Orthogonal subspace on a Hilbert space Let $X$ be a Hilbert space and $\varphi \in X' \setminus \left\{0\right\}$. 
If
$$C=\left\{x \in X: \varphi(x)=1\right\},$$
how can I find $C^{\perp}$?
 A: Think about it geometrically. $C$ is a hyperplane that doesn't pass through the origin, so $C^\perp$ probably should be $\lbrace 0 \rbrace$. There are a few ways to think about this, but I like to think about $\operatorname{span} C$.
Note that $C - C$, the subspace of all vectors between points in $C$, is a subspace of codimension $1$, and will be contained in the span of $C$. Therefore, $\operatorname{span} C$ is of codimension at most $1$; either $1$ or $0$. But it can't be $1$, otherwise it would equal $C - C$. Thus, $\operatorname{span} C = X$, and hence $C^\perp = \lbrace 0 \rbrace$.
Or we can go less geometrically.
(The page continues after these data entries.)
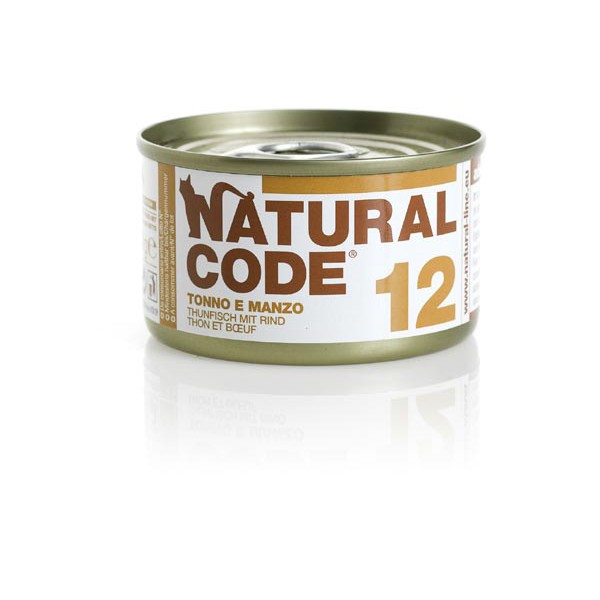 Natural Code 12 Tuna in govedina 85g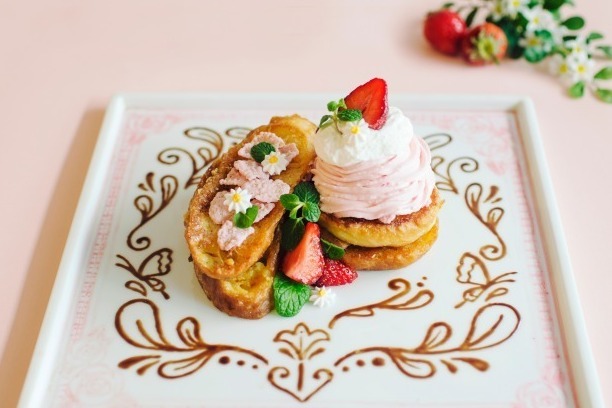 「苺×レアチーズ×桜」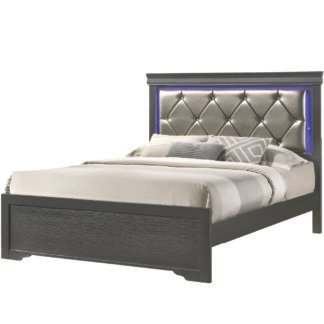 Brooklyn Queen Bed Gun Metal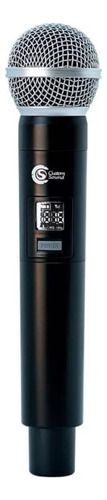 Microfone Custom Sound Sem Fio Uhf Cw 30 - Bk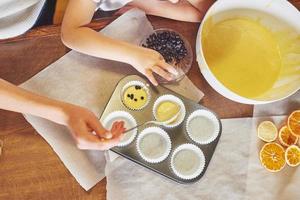 Cupcake shape and dough photo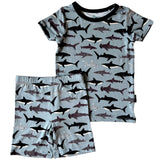 TWO PIECE SHORTIE SET- Sharks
By the Riesz Representation Theorem, there exists some $u \in X \setminus \lbrace 0 \rbrace$ such that $\langle \cdot, u \rangle = \phi(\cdot)$. Suppose $v \in C^\perp$. Note that $\frac{u}{\|u\|^2} \in C$, so $\langle v, u \rangle = 0$. But then $v + \frac{u}{\|u\|^2} \in C$, so
$$0 =\left\langle v, v + \frac{u}{\|u\|^2} \right\rangle = \langle v, v \rangle + \frac{\langle v, u \rangle}{\|u\|^2} = \|v\|^2,$$
hence $v = 0$.
A: It is $C^\perp = \{0\}$. Indeed, take $x \in C^\perp$.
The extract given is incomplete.